BOSTON – It is a visit that is sure to make history, but a Boston-based peace group says President Barack Obama needs to have some constructive initiatives in hand when he visits Hiroshima later this month.

Obama plans to become the first U.S. president to visit that part of Japan since the U.S. dropped atomic bombs on Hiroshima and Nagasaki to end World War II, although the White House says he will not apologize for that historic decision by President Harry Truman.

Cole Harrison, executive director of the Massachusetts Peace Action, the state's largest grassroots peace organization, says he would like to see the Obama put his focus on both present and future funding of nuclear weapons in the U.S. and around the world.

"It would be a disconnect for him to go there and just mouth some empty platitudes about how terrible nuclear weapons are, while we're building more,” Harrison states. “It's good that he's going to Hiroshima, but he should bring some constructive initiatives with him."

Obama was awarded the Nobel Peace Prize in 2009 in recognition of his nuclear nonproliferation efforts.
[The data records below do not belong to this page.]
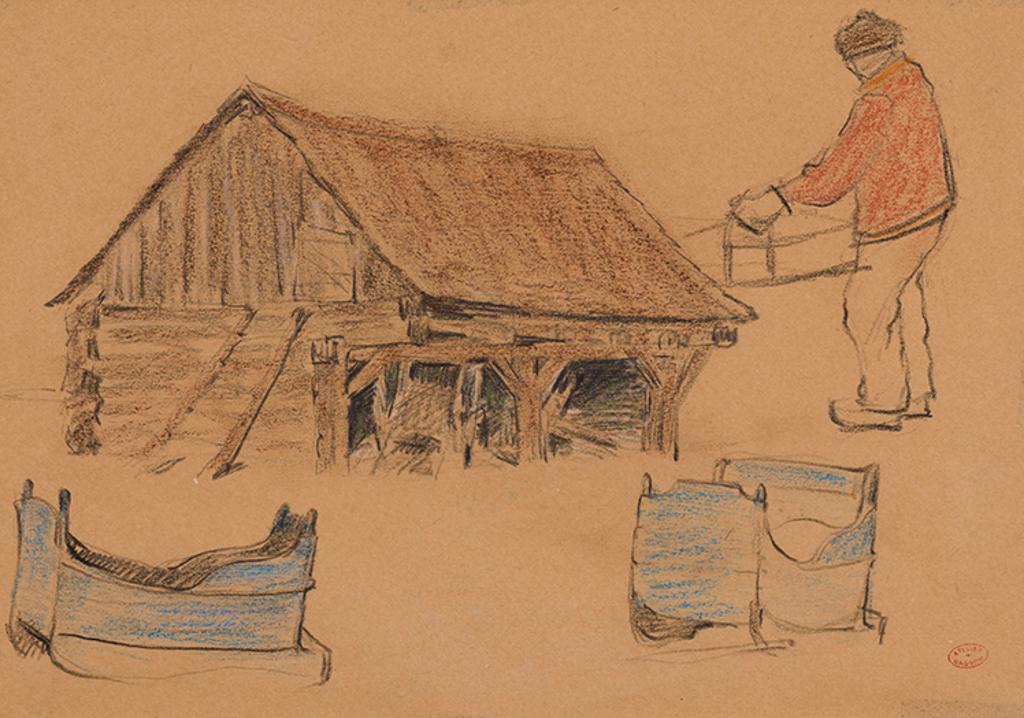 Clarence Alphonse Gagnon (1881-1942) - Étude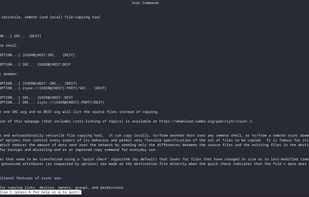 First of 3127 lines of Manual pages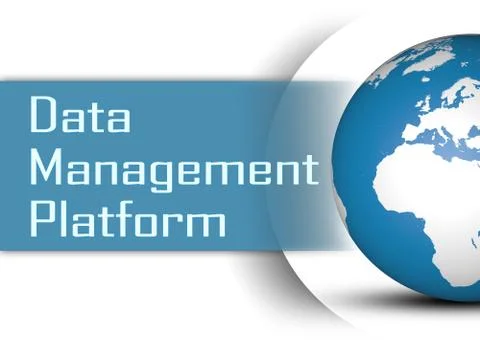 Data management platform Stock Illustration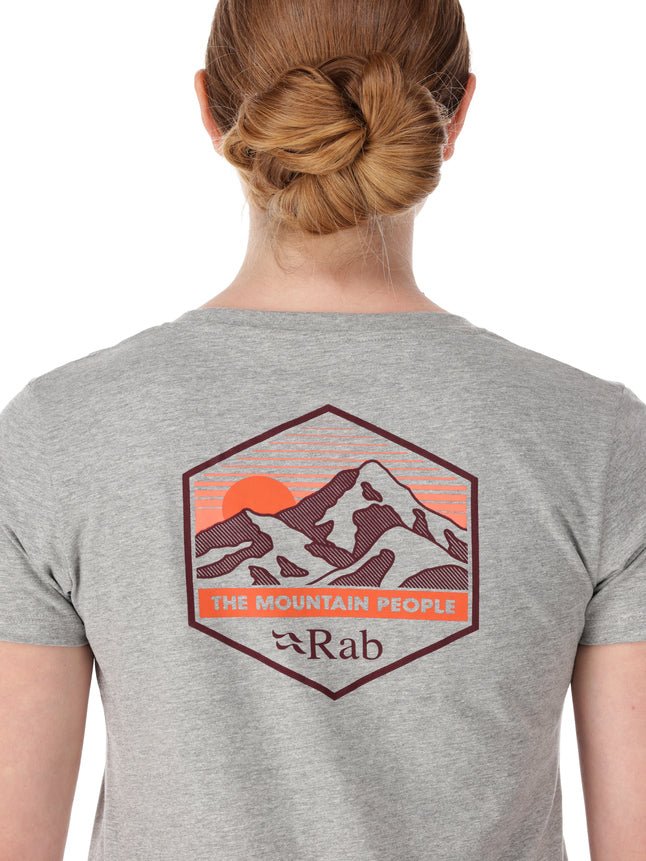 Rab Stance Mountain Peak Tee W'S - Camisetas Manga Corta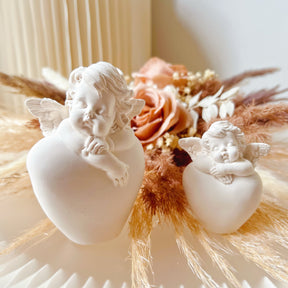 Handmade Winged Angel Home Décor Set of 2 | LMJ Candles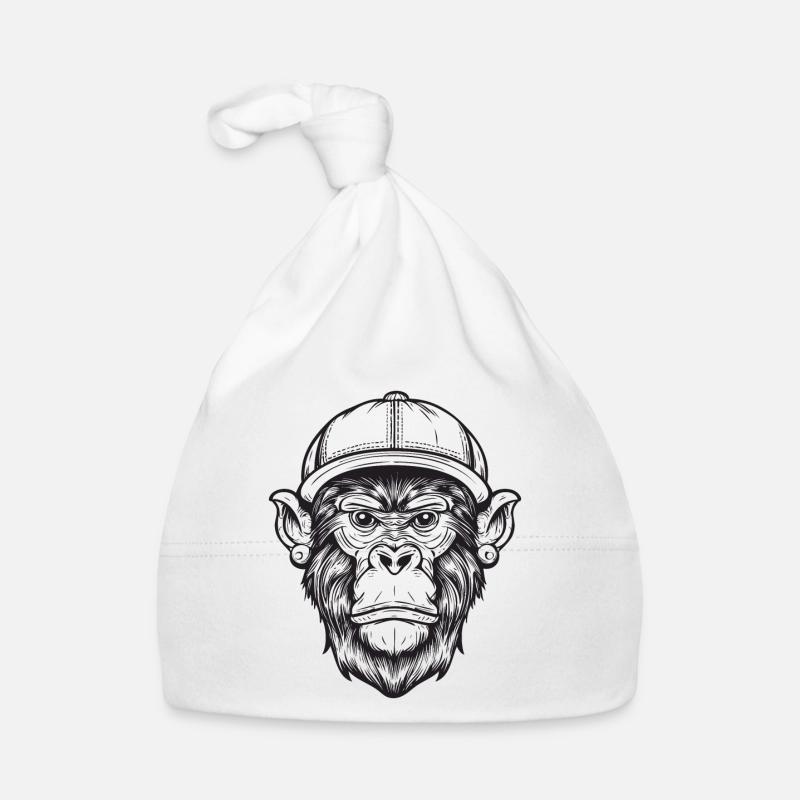 Funky Monkey Organic Baby Cap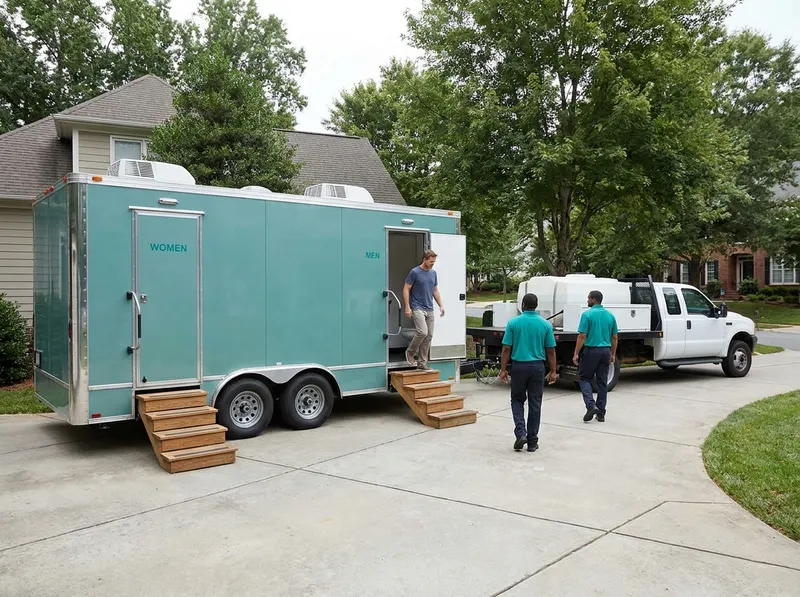 Luxury Multi-Stall Restroom Trailers in Charlotte, NC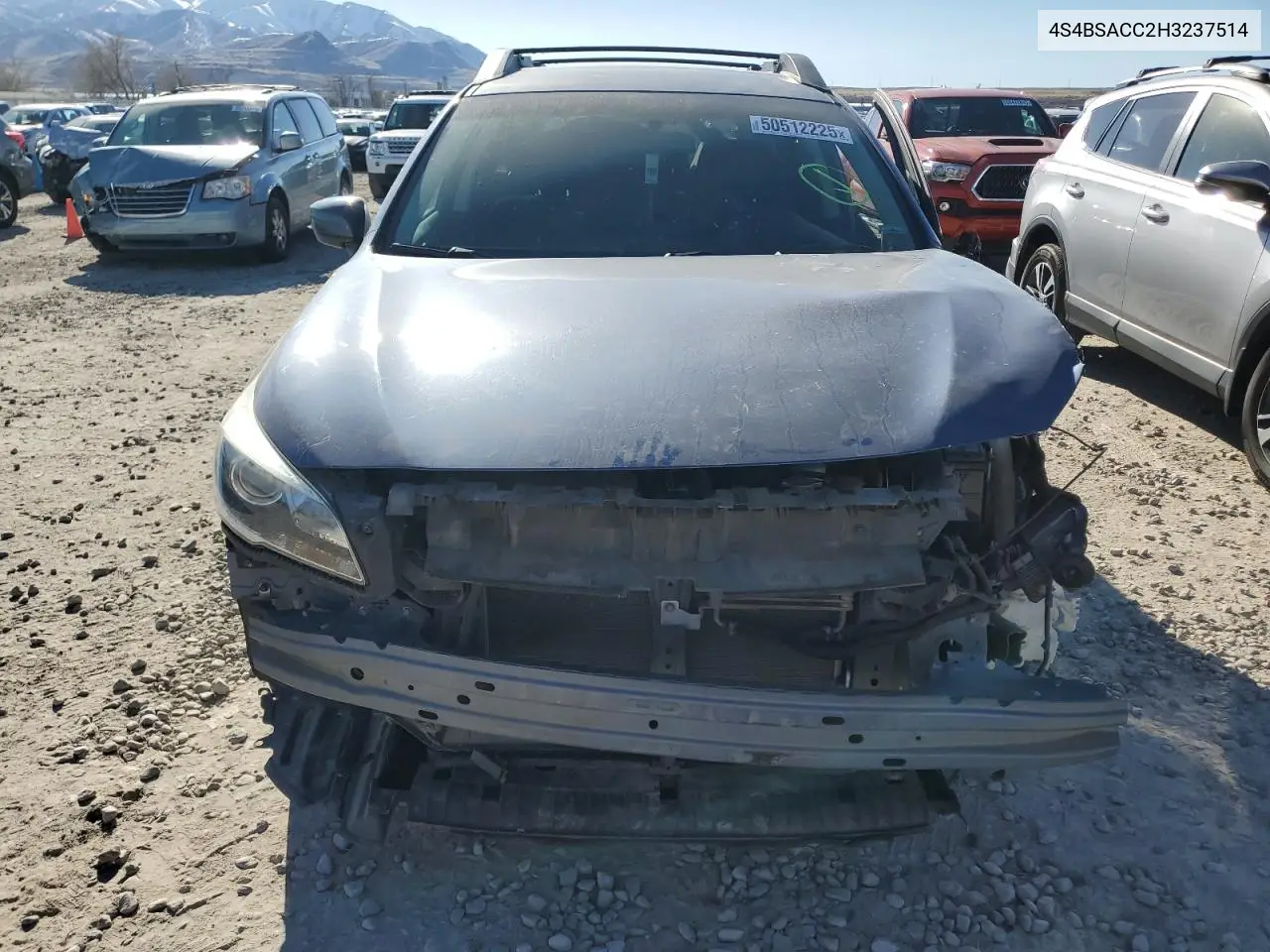 2017 Subaru Outback 2.5I Premium VIN: 4S4BSACC2H3237514 Lot: 50512225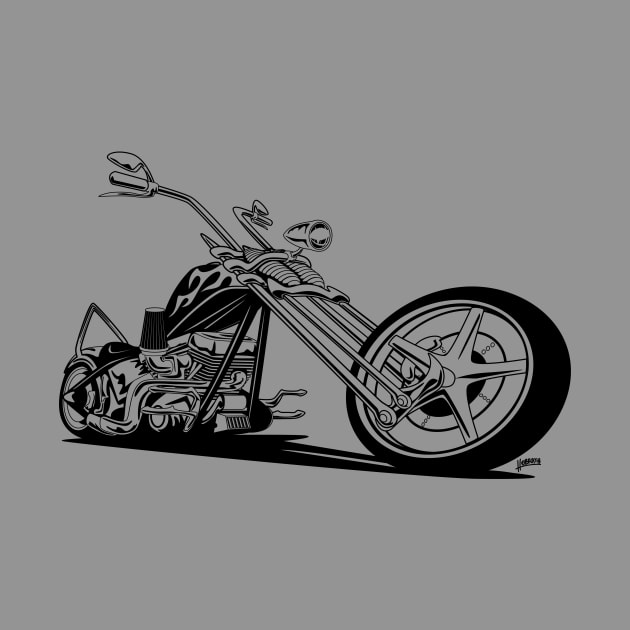 Custom American Chopper Motorcycle by hobrath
Harrison says concrete steps Obama could take include proposals that would reduce the number of nuclear warheads in reserve in the free world.

Harrison says he does not want to prejudge what Obama might say later this month, but he does know the U.S. is spending plenty on the nuclear arsenal.

"The United States under his administration is spending $1 trillion to modernize our nuclear weapons, so they perceive us as a threat,” he points out. “And we have to stop this, and go for nuclear disarmament, instead of one-upmanship."

On May 27, Obama plans to join Japan's prime minister on a tour of the site of the world's first nuclear bombing.